- Theatrical release poster
- Directed by: Jonathan Levine
- Written by: Katie Dippold
- Produced by: Peter Chernin; Jenno Topping; Paul Feig; Jessie Henderson;
- Starring: Amy Schumer; Goldie Hawn; Joan Cusack; Ike Barinholtz; Wanda Sykes; Christopher Meloni;
- Cinematography: Florian Ballhaus
- Edited by: Melissa Bretherton; Zene Baker;
- Music by: Theodore Shapiro; Chris Bacon;
- Production companies: Chernin Entertainment; Feigco Entertainment;
- Distributed by: 20th Century Fox
- Release dates: May 2, 2017 (New York City); May 12, 2017 (United States);
- Running time: 90 minutes
- Country: United States
- Language: English
- Budget: $42 million
- Box office: $60.8 million

= Snatched (2017 film) =

American comedy film by Jonathan Levine

Snatched is a 2017 American comedy film directed by Jonathan Levine and written by Katie Dippold. The film stars Amy Schumer and Goldie Hawn (in her first acting role since 2002) with Joan Cusack, Ike Barinholtz, Wanda Sykes, and Christopher Meloni in supporting roles, and follows a mother and daughter (Schumer and Hawn) who are abducted while on vacation in South America.

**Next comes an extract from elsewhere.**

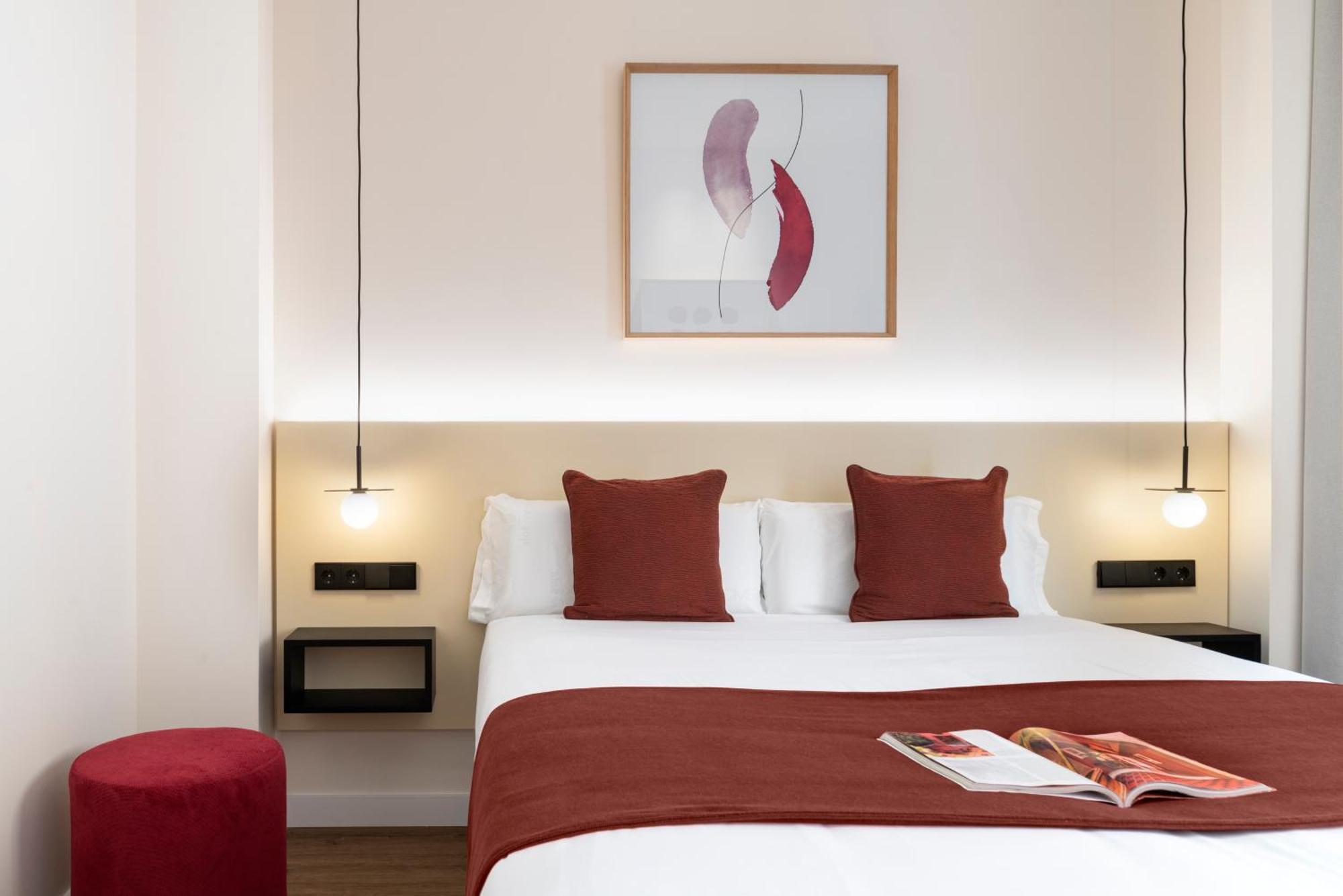 Magno Clavellinas Apartamento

Snatched premiered in New York City on May 2, 2017, and was theatrically released on May 12, 2017, by 20th Century Fox. The film received mixed to unfavorable reviews, with criticism for its plot, humor and pacing, as well as the xenophobic depiction of South America. It was also a commercial flop, grossing $60.8 million worldwide on a $42 million budget.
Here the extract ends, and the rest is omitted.